Pour moi, les sujets liés à la situation de la femme sont traités d'une manière superficielle, directe. On ne s'intéresse qu'aux aspects extérieurs. Le drame intérieur de la femme n'est pas évoqué, du moins, sur le plan artistique. Mon souhait était d'aborder cette thématique avec réalisme. J'ai donc raconté dans Sokoone l'histoire de deux filles, l'une fait partie de la noblesse et l'autre est une esclave. Les deux filles ne sont pas libres de faire ce qu'elles veulent, sont réprimées. Donc, elles sont au même niveau. Pas de différence. De plus, le viol demeure un sujet tabou dans les pays du Golfe. D'où le souci de la mère de la jeune Noire de Sokoone de cacher le drame en faisant circuler l'idée que la fille, qui a subi une agression sexuelle, était possédée par un djinn. La mère n'avait pas d'autres choix. Bref, le problème n'est ni dans la couleur de la peau, ni dans la pauvreté, ni dans la richesse. Il est ailleurs.
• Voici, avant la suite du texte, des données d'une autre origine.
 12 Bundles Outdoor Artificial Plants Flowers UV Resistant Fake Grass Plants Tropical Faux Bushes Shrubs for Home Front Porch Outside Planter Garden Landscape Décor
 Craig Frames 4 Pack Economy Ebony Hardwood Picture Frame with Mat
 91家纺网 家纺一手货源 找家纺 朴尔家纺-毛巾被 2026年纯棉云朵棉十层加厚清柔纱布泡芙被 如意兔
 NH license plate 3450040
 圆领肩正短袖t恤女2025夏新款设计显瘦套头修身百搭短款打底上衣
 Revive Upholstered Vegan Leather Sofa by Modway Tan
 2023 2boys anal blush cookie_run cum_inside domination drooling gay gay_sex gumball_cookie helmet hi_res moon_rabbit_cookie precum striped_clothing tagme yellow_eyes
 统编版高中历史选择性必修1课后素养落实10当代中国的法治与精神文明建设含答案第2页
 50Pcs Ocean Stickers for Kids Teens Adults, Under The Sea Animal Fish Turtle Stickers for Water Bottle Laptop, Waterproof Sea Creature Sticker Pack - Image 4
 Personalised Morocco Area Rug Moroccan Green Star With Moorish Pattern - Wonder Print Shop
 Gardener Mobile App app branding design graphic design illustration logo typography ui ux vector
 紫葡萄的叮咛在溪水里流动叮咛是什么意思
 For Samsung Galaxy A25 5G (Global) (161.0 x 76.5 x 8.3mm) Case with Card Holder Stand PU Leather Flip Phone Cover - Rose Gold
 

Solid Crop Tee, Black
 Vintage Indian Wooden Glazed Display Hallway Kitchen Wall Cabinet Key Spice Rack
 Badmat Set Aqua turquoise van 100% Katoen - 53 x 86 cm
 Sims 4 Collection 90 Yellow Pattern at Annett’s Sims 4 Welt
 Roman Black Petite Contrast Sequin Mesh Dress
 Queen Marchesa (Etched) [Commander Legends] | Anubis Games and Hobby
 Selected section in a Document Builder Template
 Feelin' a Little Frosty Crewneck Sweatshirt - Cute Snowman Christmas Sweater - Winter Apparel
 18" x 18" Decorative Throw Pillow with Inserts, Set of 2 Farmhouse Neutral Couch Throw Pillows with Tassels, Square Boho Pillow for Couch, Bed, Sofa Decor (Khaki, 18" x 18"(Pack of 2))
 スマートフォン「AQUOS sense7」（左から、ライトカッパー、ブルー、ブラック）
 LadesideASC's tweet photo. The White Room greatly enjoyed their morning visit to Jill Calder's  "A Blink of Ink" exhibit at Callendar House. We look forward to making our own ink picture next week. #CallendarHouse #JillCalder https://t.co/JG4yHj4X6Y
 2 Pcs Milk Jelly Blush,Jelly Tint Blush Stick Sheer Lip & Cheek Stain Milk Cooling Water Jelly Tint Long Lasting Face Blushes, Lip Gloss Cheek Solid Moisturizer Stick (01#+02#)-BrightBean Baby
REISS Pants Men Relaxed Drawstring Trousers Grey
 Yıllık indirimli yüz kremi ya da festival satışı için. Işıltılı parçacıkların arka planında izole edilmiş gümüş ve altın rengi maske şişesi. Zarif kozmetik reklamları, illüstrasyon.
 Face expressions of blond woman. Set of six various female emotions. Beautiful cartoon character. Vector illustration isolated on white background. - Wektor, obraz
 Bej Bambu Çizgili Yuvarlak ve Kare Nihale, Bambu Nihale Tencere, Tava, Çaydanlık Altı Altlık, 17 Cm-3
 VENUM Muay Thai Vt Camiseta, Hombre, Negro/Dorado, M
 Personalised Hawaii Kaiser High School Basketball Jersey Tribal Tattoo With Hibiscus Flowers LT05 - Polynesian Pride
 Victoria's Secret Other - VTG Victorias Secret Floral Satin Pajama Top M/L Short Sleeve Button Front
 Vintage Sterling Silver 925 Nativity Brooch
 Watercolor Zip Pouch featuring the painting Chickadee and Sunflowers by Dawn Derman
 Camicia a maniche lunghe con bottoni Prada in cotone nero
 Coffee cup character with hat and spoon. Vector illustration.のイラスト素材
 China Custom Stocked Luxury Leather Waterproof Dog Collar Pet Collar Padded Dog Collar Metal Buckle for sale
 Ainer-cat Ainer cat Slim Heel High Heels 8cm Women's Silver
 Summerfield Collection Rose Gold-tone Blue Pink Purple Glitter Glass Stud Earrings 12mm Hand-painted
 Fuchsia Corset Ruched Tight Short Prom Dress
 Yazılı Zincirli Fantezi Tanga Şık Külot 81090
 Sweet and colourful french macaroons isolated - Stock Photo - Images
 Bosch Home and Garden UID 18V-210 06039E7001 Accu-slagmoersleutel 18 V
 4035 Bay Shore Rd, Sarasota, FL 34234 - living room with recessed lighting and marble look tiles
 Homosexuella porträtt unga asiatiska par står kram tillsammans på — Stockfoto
- Le court métrage semble permettre aux jeunes des pays arabes de mieux s'exprimer, de pénétrer l'univers du cinéma avec de idées fraîches ?
Au Bahreïn, et dans les pays du Golfe en général, on est en train de jeter les bases d'un production cinématographique. Nous avons déjà beaucoup avancé dans la production et la réalisation des courts métrages. Le Bahreïn compte déjà plusieurs jeunes cinéastes qui arrivent à participer aux festivals internationaux. Leurs films sont plutôt bien accueillis dans les pays arabes et en Europe. Cela dit, la production des films est encore faible. Il n'y a presque pas de conscience sur l'importance du cinéma. Cela concerne autant l'Etat que les détenteurs de capitaux. Ce n'est que récemment que les gens commencent à montrer de l'intérêt pour le septième art.
- Pourtant le Bahreïn possède un parc de salles de projection parmi les meilleurs dans la région arabe...
Nous avons plus de 45 salles de cinéma au Bahreïn. Des salles five stars où sont projetés des films américains. Les recettes de ces salles sont très bonnes. Le paradoxe est que ces recettes ne contribuent pas au lancement d'une véritable industrie cinématographique ou au financement des projets de longs métrages. Les pays du Golfe doivent suivre l'exemple européen en soutenant la production cinématographique indépendante. Et éviter l'exemple d'Hollywood qui impose une certaine manière de faire le cinéma. Je reste convaincu que les pays du Golfe vont passer dans les prochaines années à une phase qualitative de production de films. Liberté doit être laissée aux cinéastes pour exprimer ce qu'ils veulent. Nous manquons de scénaristes, de cameramen, de monteurs...Ceux que nous avons sont spécialisés dans les feuilletons télévisés (drama) uniquement.